### RECORDS PROVIDED:
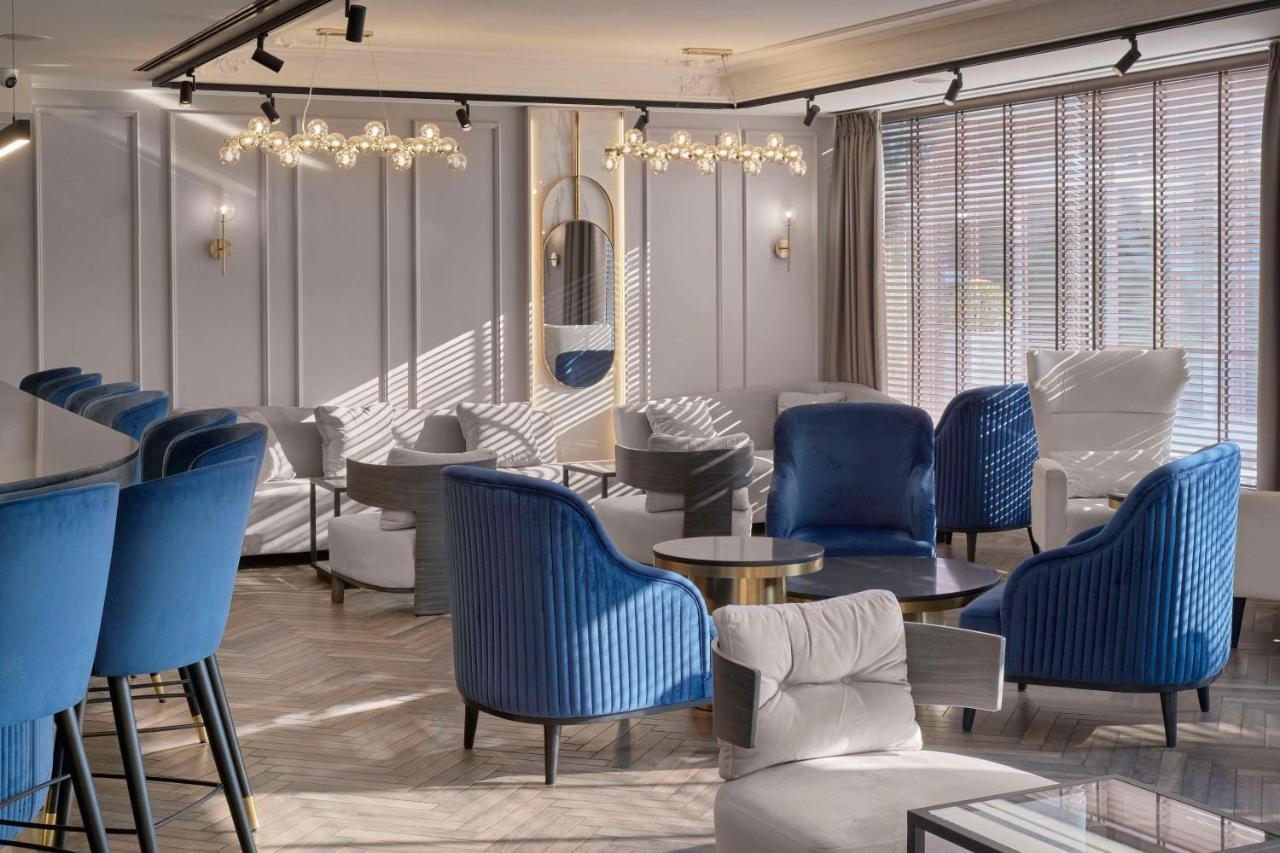Radisson Hotel Пловдив Экстерьер фото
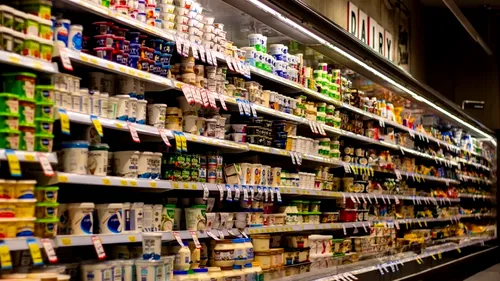 Vești bune pentru consumatorii alimentelor fabricate în România! Ieftinirea poate fi de 10-15%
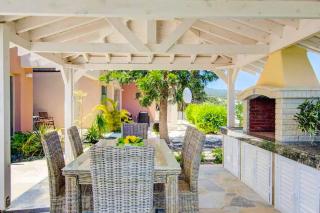 Sea Breeze Hideaway - Lachi - 1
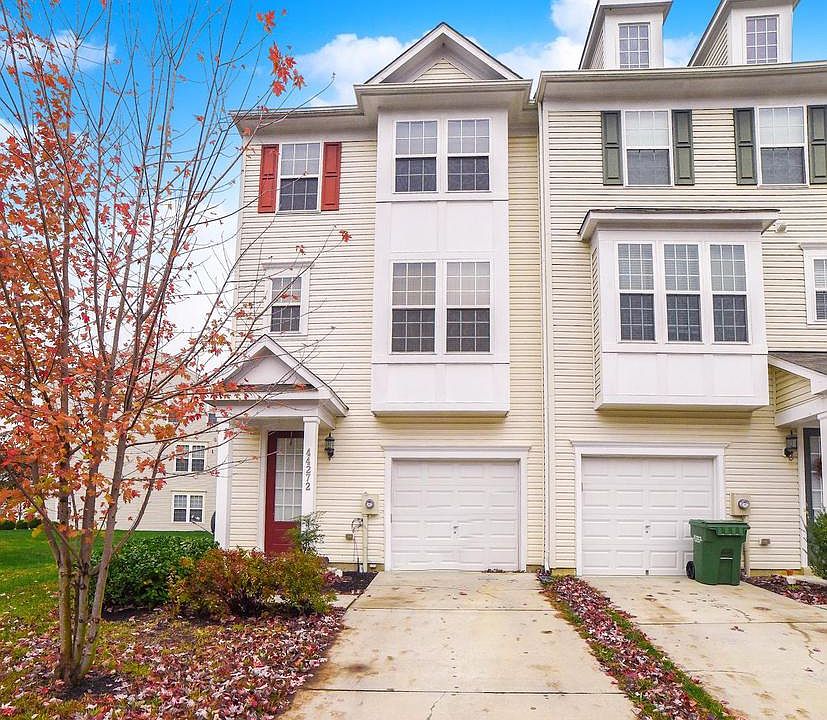 1st image of 44272 Beaver Creek Dr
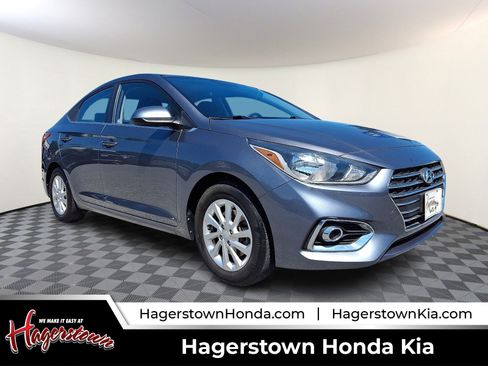 Used 2020 Hyundai Accent SEL FWD image 1
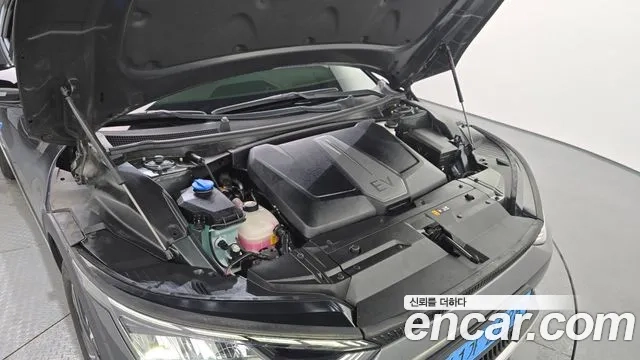 Kia EV6 id 2863050 из Кореи 16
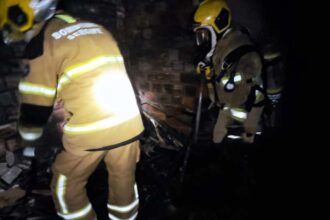 Incêndio mobiliza bombeiros no Conjunto Valadares, em Aracaju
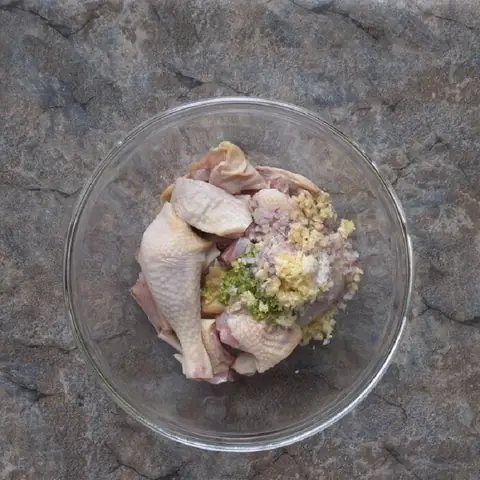 Hướng Dẫn Chi Tiết Cách Nấu Lẩu Gà Ớt Hiểm Thơm Ngon Chuẩn Vị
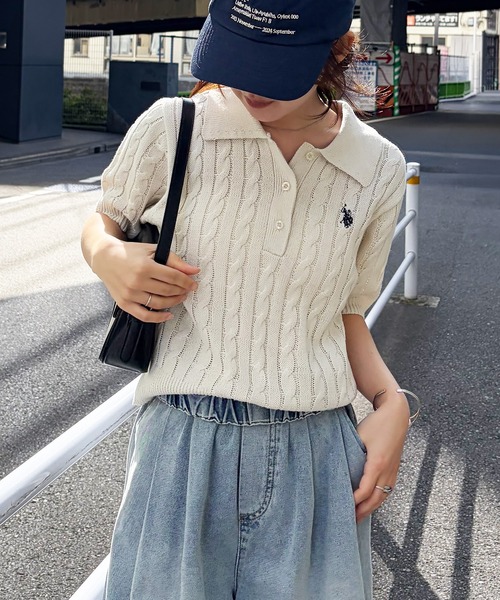 U.S. POLO ASSN.（ユーエスポロアッスン）の「[26SS新色追加]RANAN/solleim別注【U.S.POLO ASSN.】 半袖ケーブルポロ襟ニット（ニット/セーター・レディース・ネイビー/アイボリー/ブルー/ベージュ/グレー/ピンク・S/M/L）」の21枚目の写真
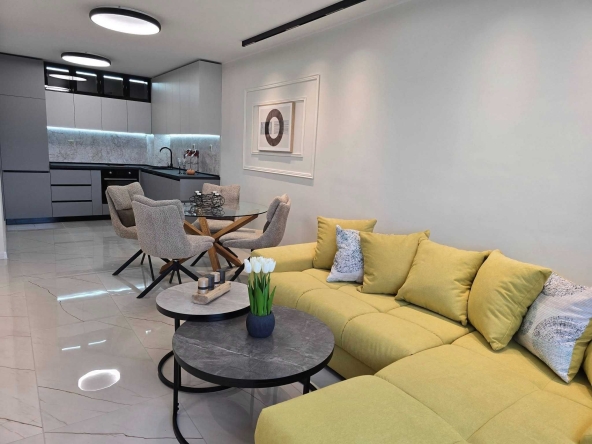 Тристаен апартамент в Стара Загора, Три чучура - център - 110 кв.м за 1619 €/кв.м - Снимка #1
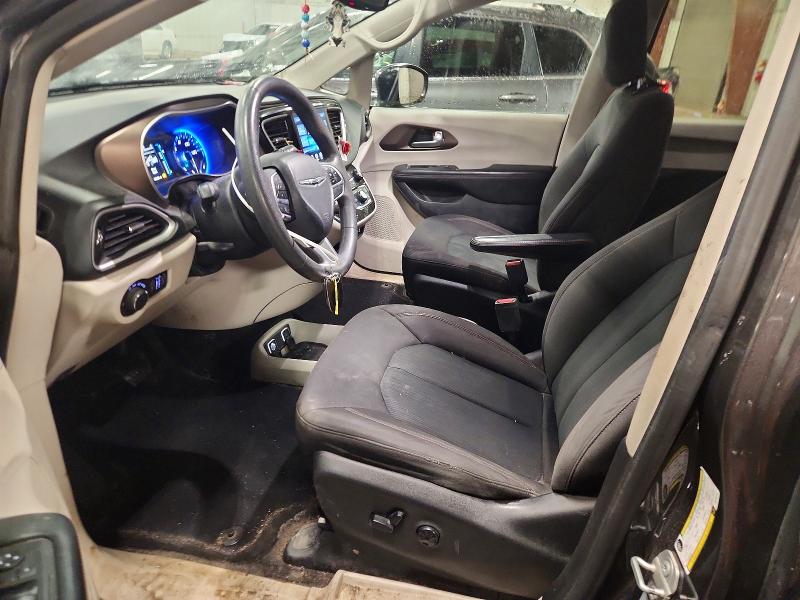 Photo 7 from auction – 2017 CHRYSLER PACIFICA with VIN 2C4RC1DG3HR759142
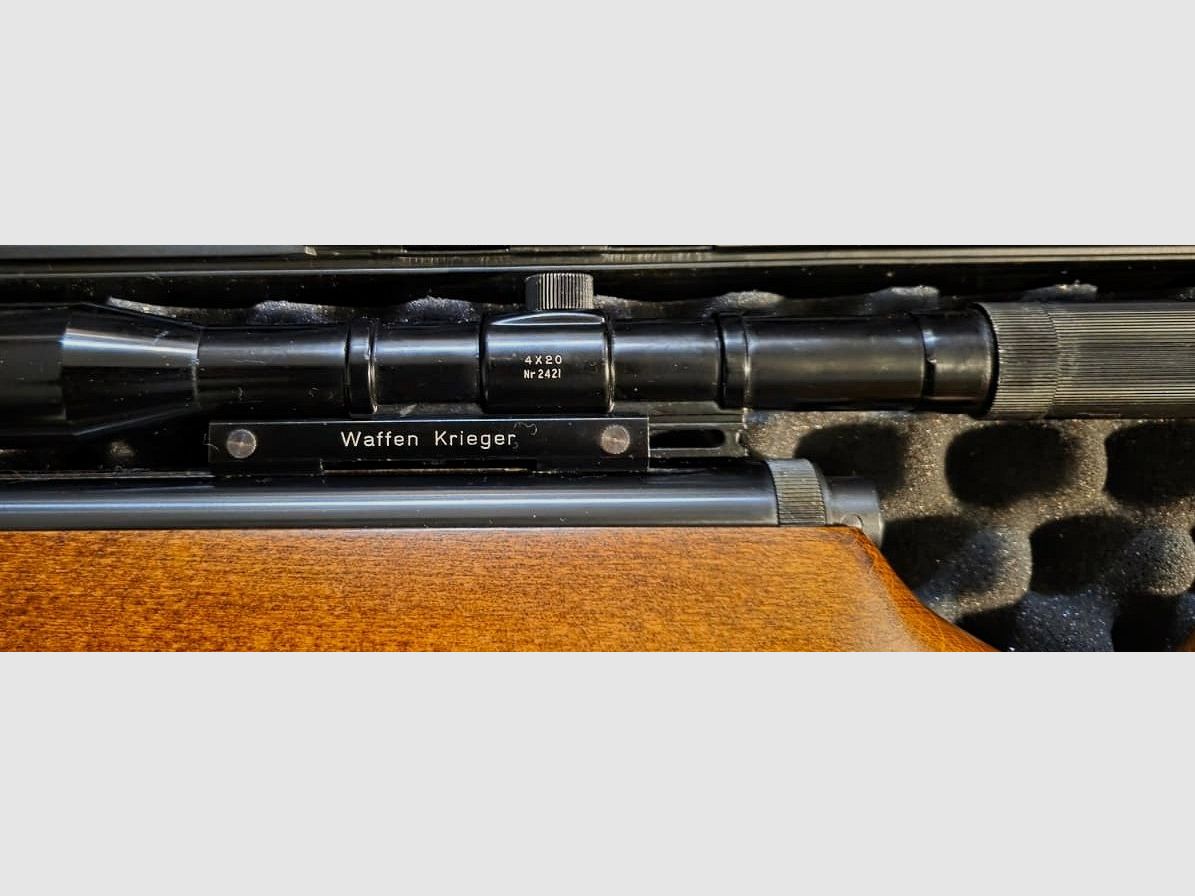 Selbstladebüchse Voere Benteler 55 .22LR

### THE PROBLEM:
Without the pictures, repeat the listing word for word.

### REPLY TO THE TASK:
Radisson Hotel Пловдив Экстерьер фото
 Vești bune pentru consumatorii alimentelor fabricate în România! Ieftinirea poate fi de 10-15%
 Sea Breeze Hideaway - Lachi - 1
 1st image of 44272 Beaver Creek Dr
 Used 2020 Hyundai Accent SEL FWD image 1
 Kia EV6 id 2863050 из Кореи 16
 Incêndio mobiliza bombeiros no Conjunto Valadares, em Aracaju
 Hướng Dẫn Chi Tiết Cách Nấu Lẩu Gà Ớt Hiểm Thơm Ngon Chuẩn Vị
 U.S. POLO ASSN.（ユーエスポロアッスン）の「[26SS新色追加]RANAN/solleim別注【U.S.POLO ASSN.】 半袖ケーブルポロ襟ニット（ニット/セーター・レディース・ネイビー/アイボリー/ブルー/ベージュ/グレー/ピンク・S/M/L）」の21枚目の写真
 Тристаен апартамент в Стара Загора, Три чучура - център - 110 кв.м за 1619 €/кв.м - Снимка #1
 Photo 7 from auction – 2017 CHRYSLER PACIFICA with VIN 2C4RC1DG3HR759142
 Selbstladebüchse Voere Benteler 55 .22LR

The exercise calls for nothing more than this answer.